Let’s explore the most essential KPIs and metrics that marketers need to monitor across different campaign objectives. From lead generation to brand awareness, traffic to conversions, we’ll share the secrets of each KPI's measurement and its implications, so you could easily decide which metrics can help you achieve your campaign objectives more efficiently.
Why monitor KPIs?
Monitoring metrics is not just about tracking numbers. Let’s take a look at a few reasons why metrics monitoring is crucial:
- Performance evaluation
By analyzing key indicators, marketers can identify what is working well and what needs improvement. Metrics provide a clear picture of how the campaign is performing against set goals.
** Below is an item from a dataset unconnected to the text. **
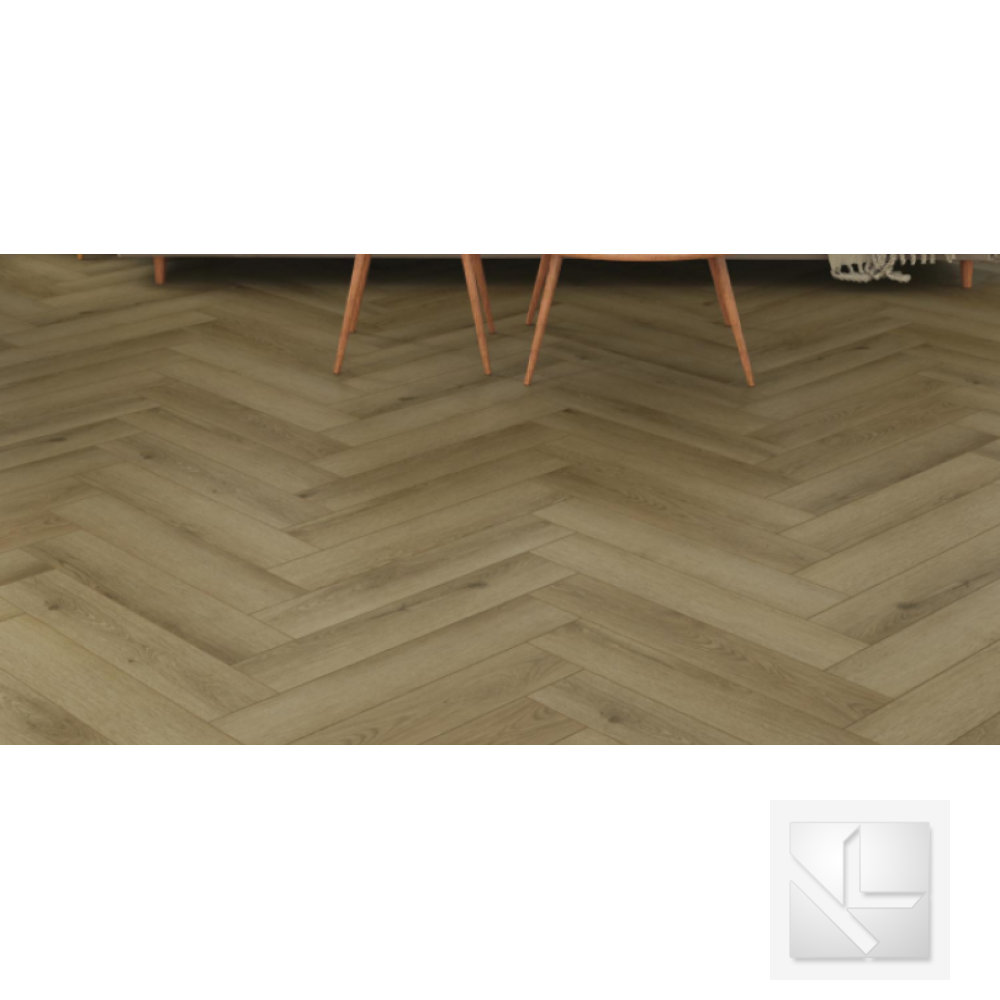 SPC вінілова плитка для підлоги FirmFit HERRINGBONE NATURA EWH 7023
- Optimization opportunities
Metrics act as a compass, guiding marketers toward areas that require optimization. By identifying underperforming metrics or areas with room for improvement, you can refine strategies, target specific pain points and make necessary adjustments.
- Campaign accountability
Monitoring KPIs allows marketers to showcase the impact of their efforts to stakeholders and decision-makers. Metrics help in demonstrating the value and effectiveness of marketing initiatives, facilitating transparent communication and informed discussions.
- Real-time adjustments
By closely monitoring metrics, marketers can identify emerging trends, spot potential issues, and respond promptly. This agility allows them to seize opportunities, address challenges, and adapt their strategies.
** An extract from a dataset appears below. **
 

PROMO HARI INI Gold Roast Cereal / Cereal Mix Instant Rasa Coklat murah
But what are the metrics that are so helpful? It’s time to take a closer look at some of the most important advertising KPIs for marketers in 2023:
1. Return on Ad Spend (ROAS)
ROAS is one of the most important marketing KPIs. It reveals the financial gains derived from a specific investment, illustrating the returns achieved relative to the initial spend. Simply put, ROAS tells you how much money you get by investing a certain amount. For instance, if you invest $1 in advertising and get $2 back, that's a 100% ROAS and an exceptional outcome. Thus, ROAS is essential for evaluating whether you are getting out more than you invest. The higher the ROAS, the better your performance.
To calculate ROAS, divide the revenue attributed to your ad campaign by the cost of that campaign multiplied by 100.
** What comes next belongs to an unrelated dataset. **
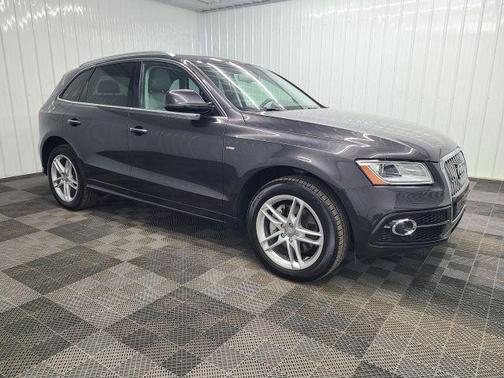2016 Audi Q5 3.0T Premium Plus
2. Cost per Acquisition (CPA)
CPA refers to the cost of acquiring a single user, regardless of whether they become a paying customer or not. Usually, it’s better to keep CPA as low as possible to be profitable. Cost per acquisition reveals the financial impact of your ad campaigns and allows you to reallocate marketing budgets and ad spend accordingly.
Average cost per acquisition is calculated by dividing the total marketing cost (including marketing and sales costs, and at times, even team salaries) by the total number of conversions. For example, if your ad receives 2 conversions, one costing $2.00 and one costing $4.00, your average CPA for those conversions is $3.00.
3. Lifetime Value (LTV)
LTV metric shows the total revenue a business can expect to generate from an average customer over the entire duration of their relationship with the company. It provides valuable insights into the long-term profitability of retaining customers and fostering their loyalty. So basically LTV shows the financial worth of each customer to the business, considering their repeat purchases, additional services availed, and overall lifetime engagement.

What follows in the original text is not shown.